Following the introduction of a penalty tax for Chinese solar panel imports in the the United States, the European Commission has now launched an investigation into state subsidies of Chinese firms. This follows an earlier investigation into the alleged “dumping” of solar panels into the EU market. This could result in an increase in solar panel prices in the next year.
The latest subsidy case has been raised following a complaint by a group of 25 European solar panel companies led by Germany’s SolarWorld, the same group that had complained of dumping, and largely the same group that pushed for the penalty tax in the USA.
This is not about small money, since over 21 billion euros worth of solar panels and components came from China to the EU in 2011 – which is about 7 percent of all Chinese exports to the EU.The European Commission can impose provisional duties within nine months and the EU has within 13 months of an investigation’s launch to impose definitive duties for up to five years.
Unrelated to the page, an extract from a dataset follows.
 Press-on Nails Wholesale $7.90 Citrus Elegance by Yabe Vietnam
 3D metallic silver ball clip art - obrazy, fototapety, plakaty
Similarly to the penalty tax in the UK, we view both EU investigations as a case of protectionism. All solar panel manufactures that still remain in Europe have lost competitiveness years ago – not because of dumping or state subsidies but simply because it’s too expensive to mass-produce commodity products in the EU. The long list of European and American solar bankruptcies in recent years clearly shows this.
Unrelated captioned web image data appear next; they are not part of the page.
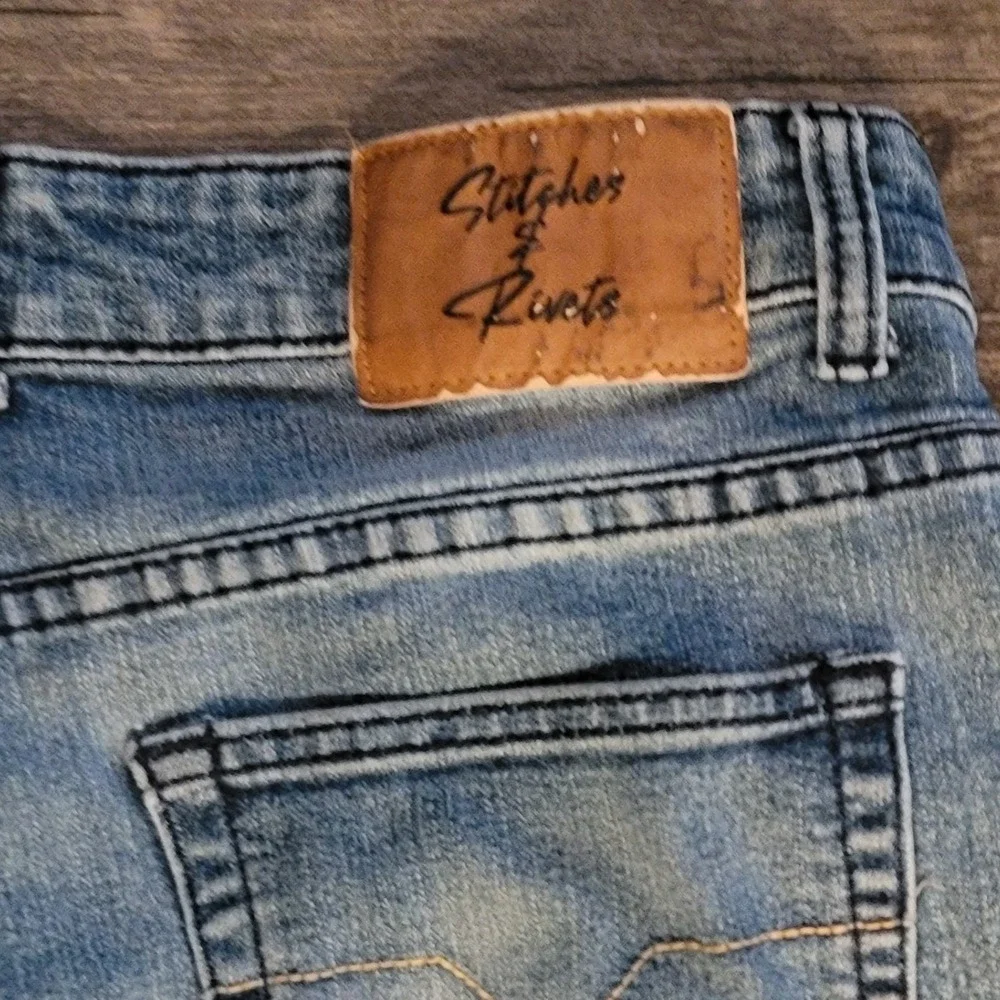 Stitches & Rivets Mens Light Wash‎ Slim Fit Stretch Blue Jeans 34x32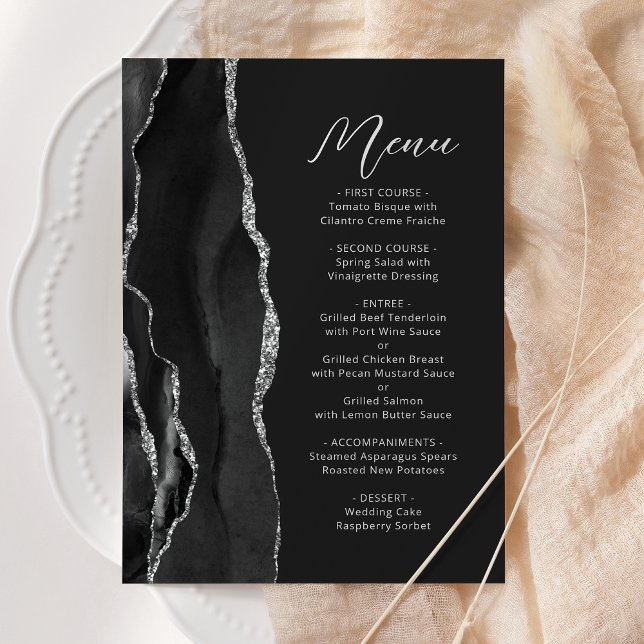 Menu Noir Agate Argent moderne Script Mariage foncé (Créateur téléchargé)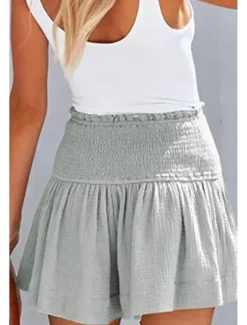 Women's Linen-Inspired Shorts Shorts Slacks Streetwear Casual Short Natural Plain Elastic Waist Comfy Outdoor Comfortable Street Daily Wear Almond Grey Black Pink Summer Regular Fit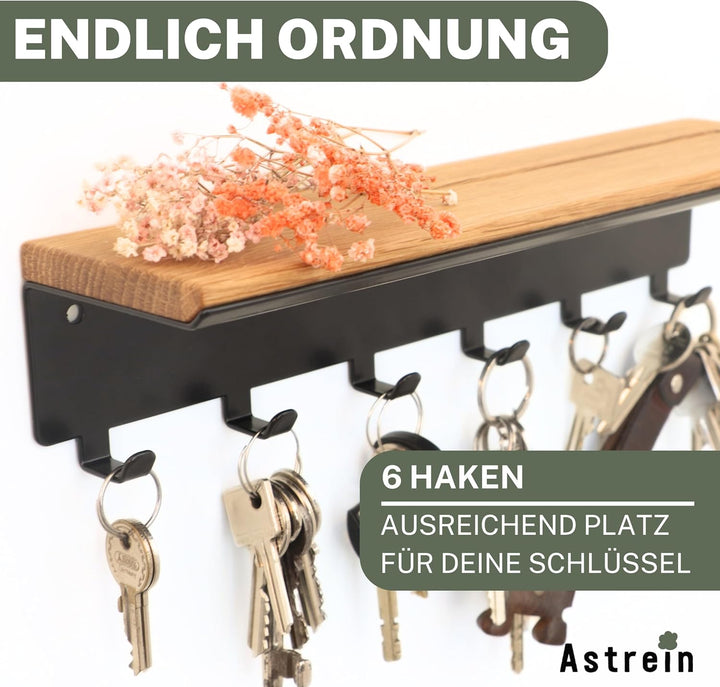 Astrein® | Schlüsselbrett mit 6 Haken | Schlüsselboard aus Holz | Eiche | Wandorganizer | Schlüsselk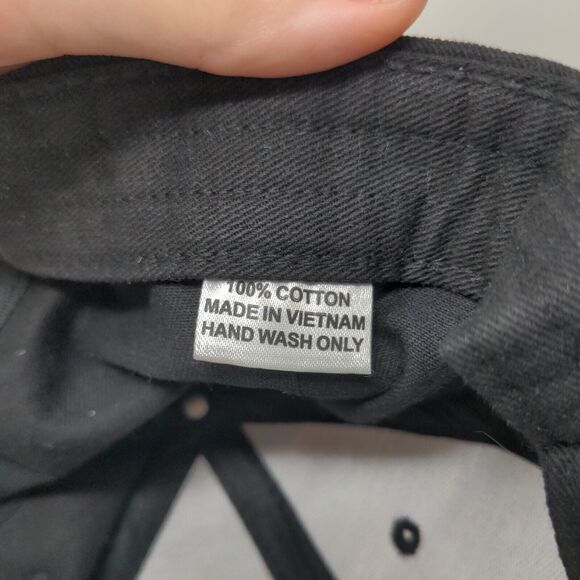 GE Strapback Hat Black One Size Embroidered Logo Adjustable 6 Panel - Picture 7 of 7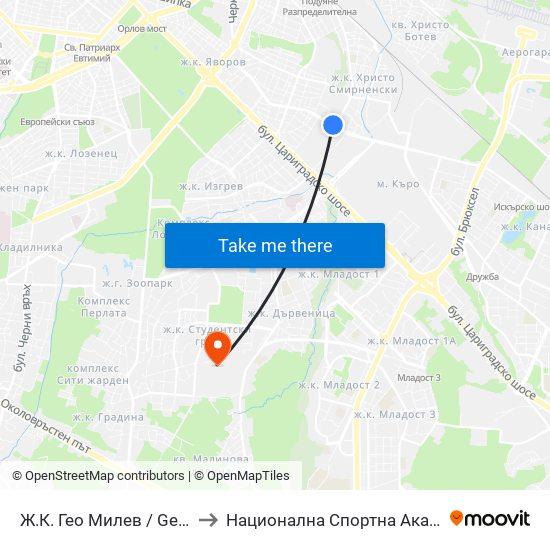 Ж.К. Гео Милев / Geo Milev Qr. (0595) to Национална Спортна Академия Васил Левски map
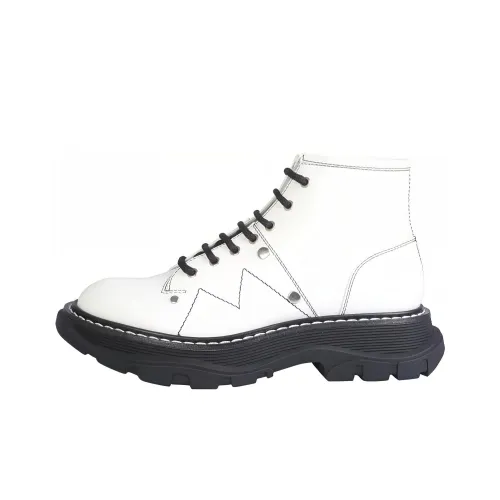 Alexander McQueen Tread Slick Ботинки Белый укороченный Мартин Boot Женские Белые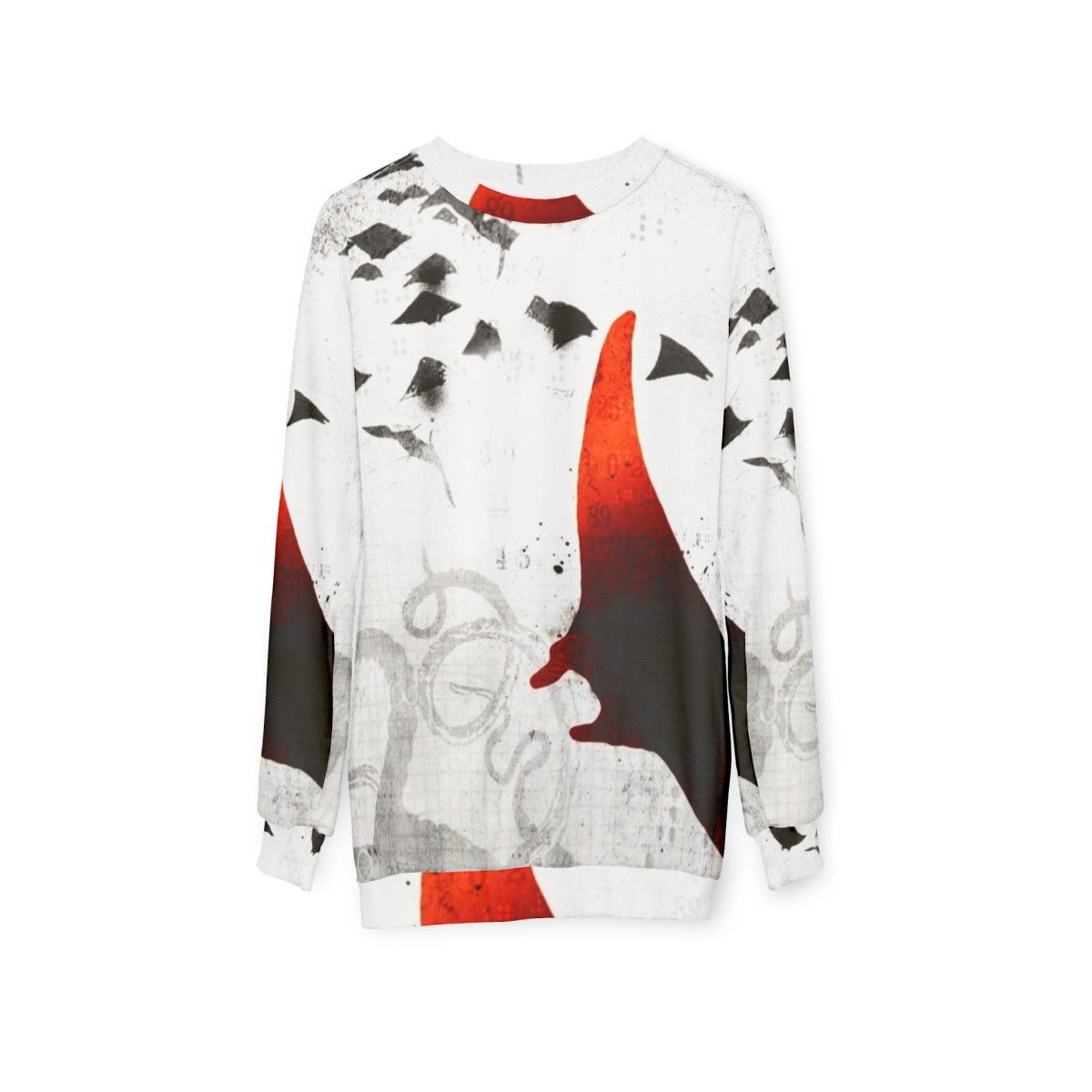 Manta Ray Red Sweatshirt with Gritty Ocean Sealife Design - hanging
Price is absolutely key for consumers who are looking to buy solar panels, since a lower price directly results in a better return. Lower prices also allow for lower Feed-in-Tariffs, which in turn reduces the ‘state subsidy’ that Europe gives to solar panels. Governments should applaud the lowest possible price of green electricity, and not spend lots of money on investigations about subsidies or dumping while they still subsidize solar panel installations by such significant amounts themselves.